The respiration of Cancer pagurus under normoxic conditions and its respiratory responses to hypoxia are described. Respiration of quiescent crabs is characterized by a rhythmic pattern of ventilation and cardiac activity in which periods of apnoea and bradycardia of approximately 5 min duration alternate with longer periods of active ventilation and cardiac activity. The significance of this rhythmic ventilatory behaviour is discussed and evidence is presented to account for this behaviour in terms of allowing energy savings to be made during periods of inactivity. During a ventilatory pause the PO2 of the post-branchial blood falls from its normal level of 94 ± 5 torr to only 24 ± 3 torr. The blood of Cancer provides a store of oxygen which is used during pausing to maintain aerobic metabolism. Anaerobic metabolism does not appear to contribute significantly to energy production during these periods since no increase in the blood lactate concentration was recorded.
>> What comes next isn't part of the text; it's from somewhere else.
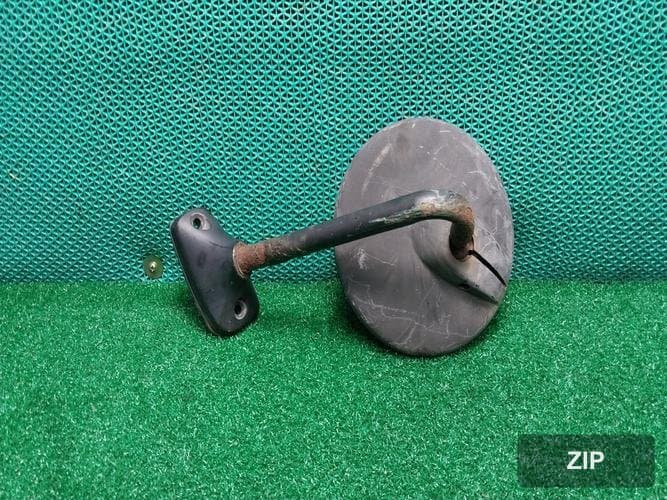 Hyundai Porter 2011 — боковое зеркало правое 876404F000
Cancer haemocyanin has a high oxygen affinity (P50 = 5–10 torr) and exhibits a large, positive Bohr shift (Δ log P50/pH = −1.18). However, under normal conditions the pigment has only a minor role in supplying oxygen to the tissues, since over 91% is carried in solution.
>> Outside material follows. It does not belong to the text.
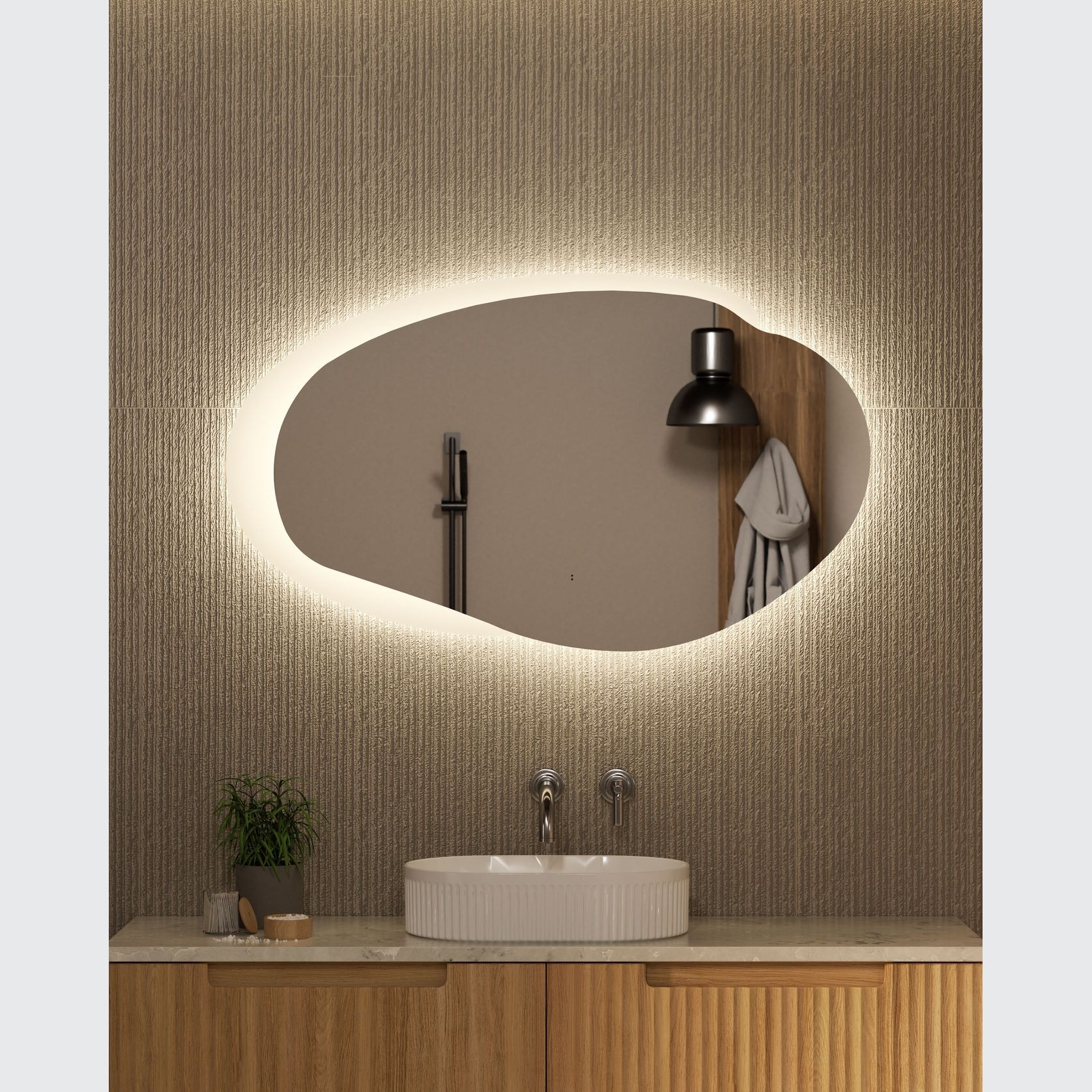 Aulic Evanston 1100mm/1300mm gallery detail image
Cancer pagurus exhibits quite a high degree of respiratory independence and is able to maintain its rate of oxygen consumption approximately constant over a wide range of ambient oxygen tension, down to a PO2 of 60–80 torr, below which it declines. Similarly there was little change in heart rate during hypoxia until a PO2 of 20–40 torr was reached below which it also declined sharply. Oxygen consumption during hypoxia was maintained primarily as a result of an increase in ventilation volume and oxygen extraction. During hypoxia the PO2 of both the pre- and post-branchial blood declined and resulted in a reduction in the PO2 gradient across the respiratory surface (ΔPO2). Oxygen uptake during hypoxia was facilitated, however, by an increase in the transfer factor (TO2).